> [WHAT IS BEING ASKED] Pictures found in the material must be left out, and every line returned as written.

> [DATA EXCERPT]
━━━━━━

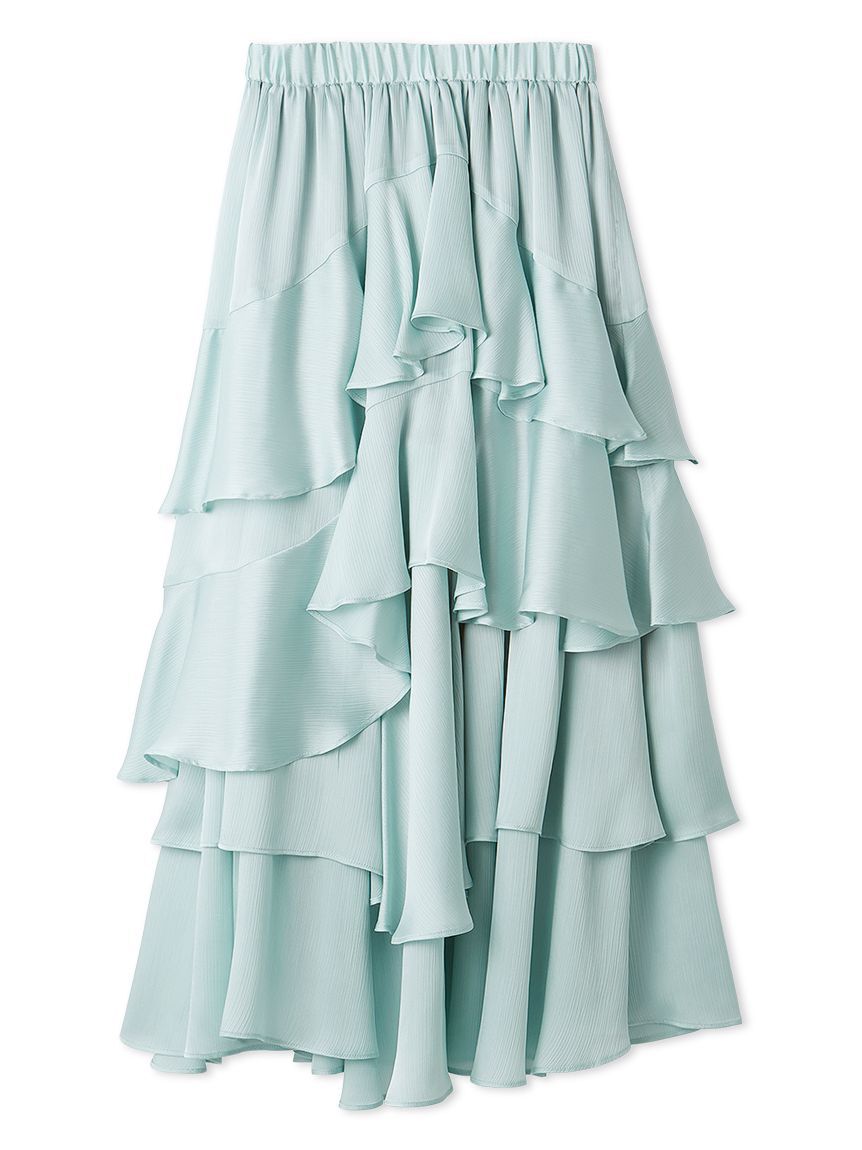 LILY BROWN「スリットティアードスカート」|スカート|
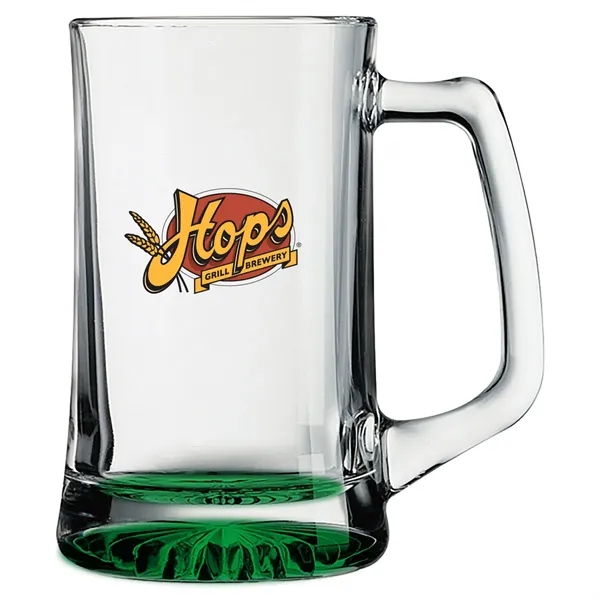 25 oz. glass beer mug with a thick protruding star-bottom base.... from ASI 68507 The Magnet Group / Benchmark Crystal & Clocks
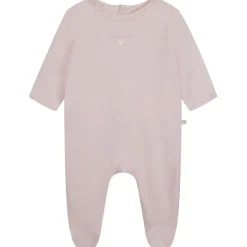 Carrement Beau Aio Bib Onesie Set in Pink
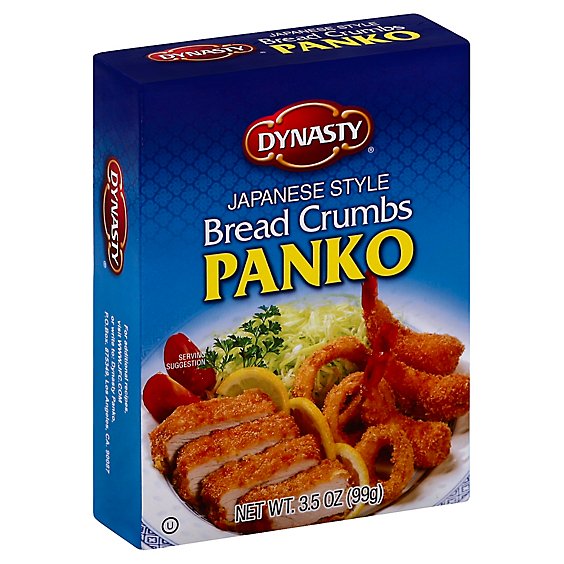 Dynasty Bread Crumbs Panko Japanese Style Box - 3.5 Oz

━━━━━━

> [WRITTEN SOLUTION]
 LILY BROWN「スリットティアードスカート」|スカート|
 25 oz. glass beer mug with a thick protruding star-bottom base.... from ASI 68507 The Magnet Group / Benchmark Crystal & Clocks
 Carrement Beau Aio Bib Onesie Set in Pink
 Dynasty Bread Crumbs Panko Japanese Style Box - 3.5 Oz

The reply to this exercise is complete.